- **Work to complete**: In your copy of the records, include every word exactly and no pictures.

─── Supplied material ───

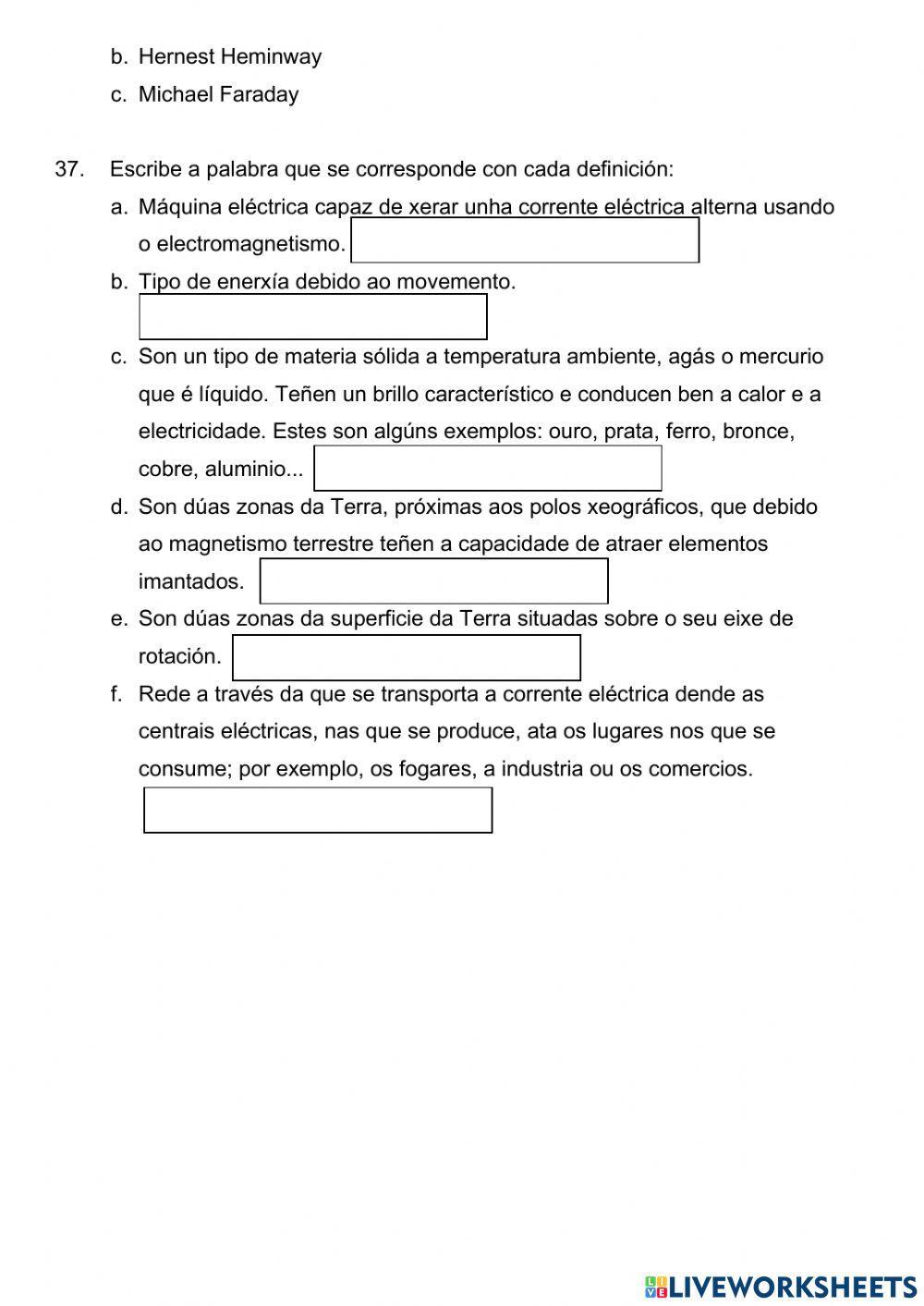 Control naturais tema 8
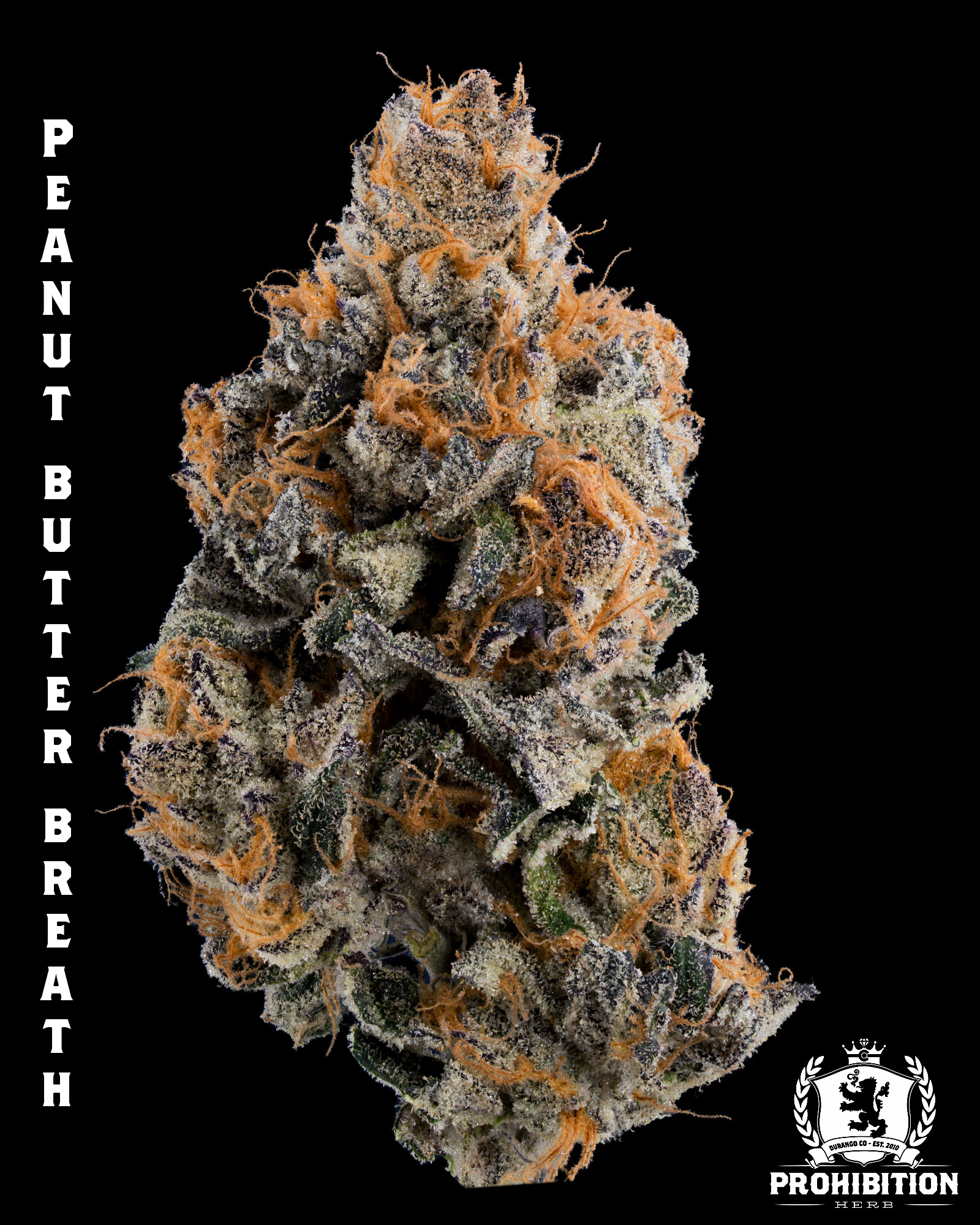 [3.5G] | PEANUT BUTTER BREATH | INDICA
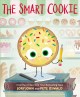 The smart cookie  Cover Image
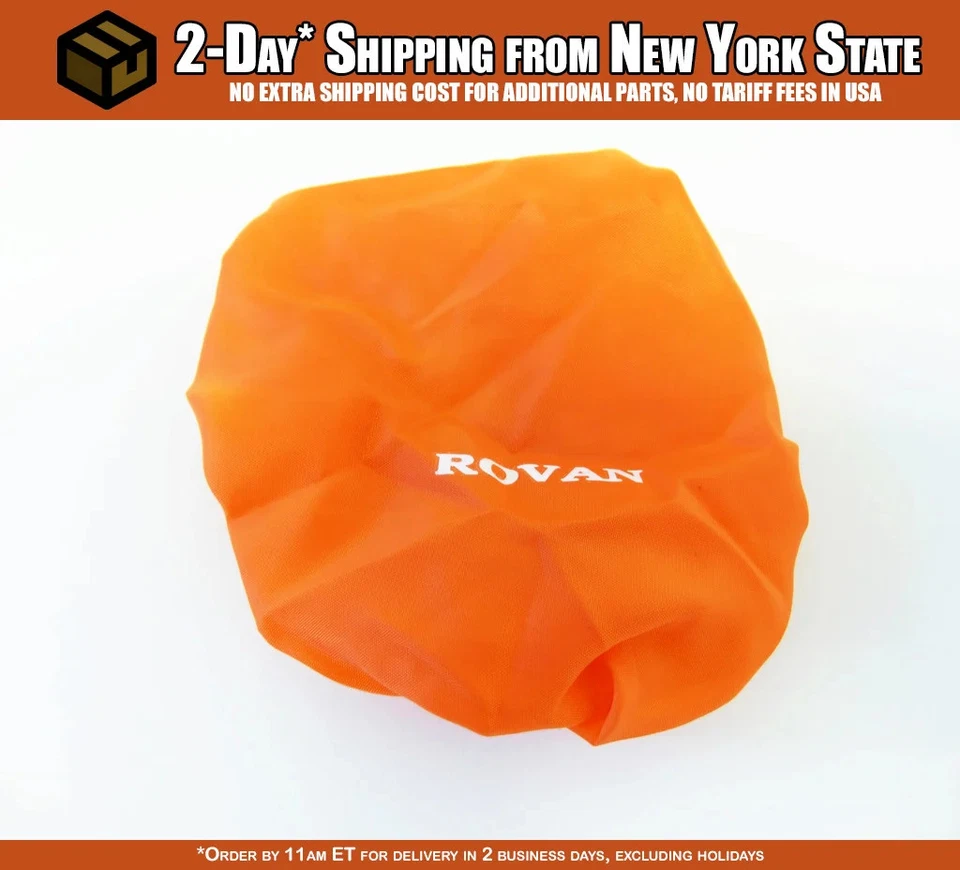 Cubierta de ropa exterior filtro de aire LT Truck, SLT Buggy LOSI 5IVE T Foto 1 de 1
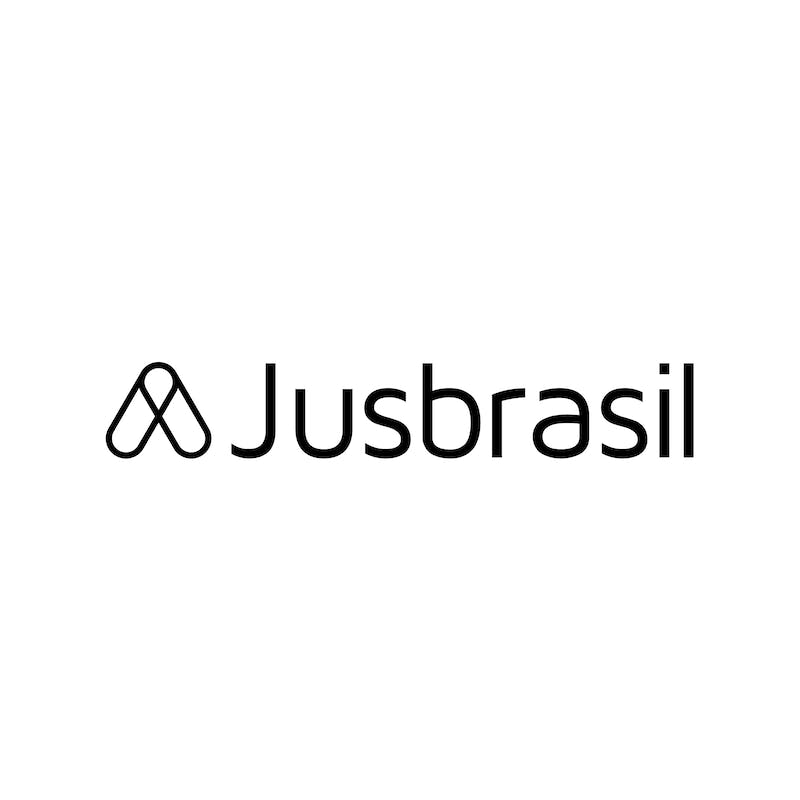 Logo Jusbrasil
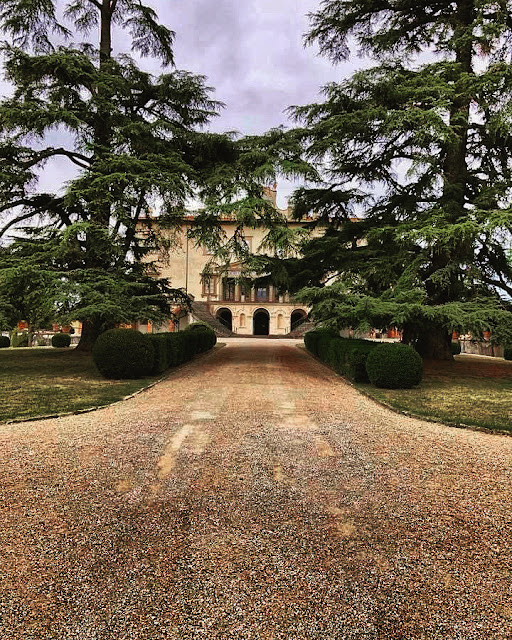 Poggio A Caiano (Italia)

───

- **Exercise solution**:
 Control naturais tema 8
 [3.5G] | PEANUT BUTTER BREATH | INDICA
 The smart cookie  Cover Image
 Cubierta de ropa exterior filtro de aire LT Truck, SLT Buggy LOSI 5IVE T Foto 1 de 1
 Logo Jusbrasil
 Poggio A Caiano (Italia)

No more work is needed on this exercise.